The third/fourth columns on the right page may be doing something like your first post was saying.

Also, knowing that their 'accuracy' is based on pure dispersion and 'firing' on 2 x dispersion you can work back to what they were using for dispersion on guns. Even if you cannot find the original firing tables of the weapons, which is often the case.

What sticks out to me is the crossover point at 1000 m for the 'known range' dispersion-only accuracy. It is 100% at 1000 meters and then decreases with further range. Knowing that, and knowing the target height of 2 meters, the 0.5 m 'Hohe' (height) dispersion value of 50% is easily applied. Basically, the full dispersion of 100% is 2 meters!(see drawing and previous posts regarding dispersion curves)

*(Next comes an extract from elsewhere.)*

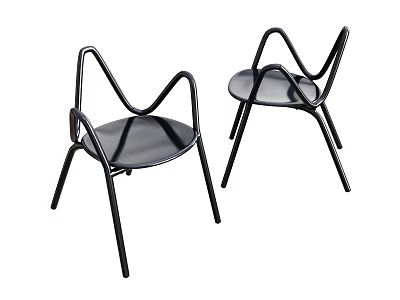 Modern Black Dining Chairs With Metal Frame Curved Armrests And Round Seat Design 3d model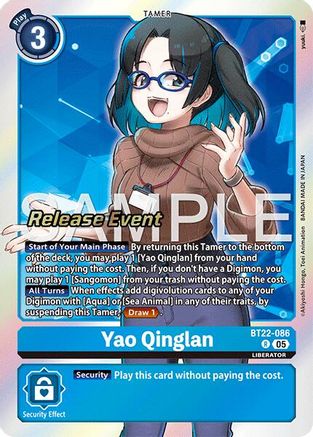 Yao Qinglan (BT22-086) - Cyber Eden Release Event Cards Foil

If we look at the 2100 m range values, we see that the 50% height dispersion has doubled to 1 meter. This results in a 82% chance of a hit. This doubling of the 50% dispersion can be thought of as the rectangles in the drawing increasing in height by double. This would move the 2% and 7% rectangles off the target. 2+7+2+7=18. 100-18=82%. If we go back to the 1000 m values, we see roughly 82% for the 'double-dispersion' column.

As far as I am concerned, this agrees with what I have been saying about 'double-dispersion'. That is my story and I'm sticking to it.

I suppose one way to look at this is...A crew, with a EM34 (WWII German Rangefinder) firing at a stationary enemy T34 (76) at 2100 meters, has about the same chance as a crew firing at 1000 meters under battle conditions and using range estimation (stationary target). Sort of a rule of thumb I suppose.

In actuality, the dispersion is rather loose at 1000 meters. Considering that is the range that the gun would use as a zeroing point. In engineering terms, there is no band-gap assurance. In other words, even out-liers are on the bleeding edge.

I really wonder what percentage of wargamers have a clue about statistics. They seem to 'understand' data but have no idea how the engineering world uses it. Hit or miss, I suppose.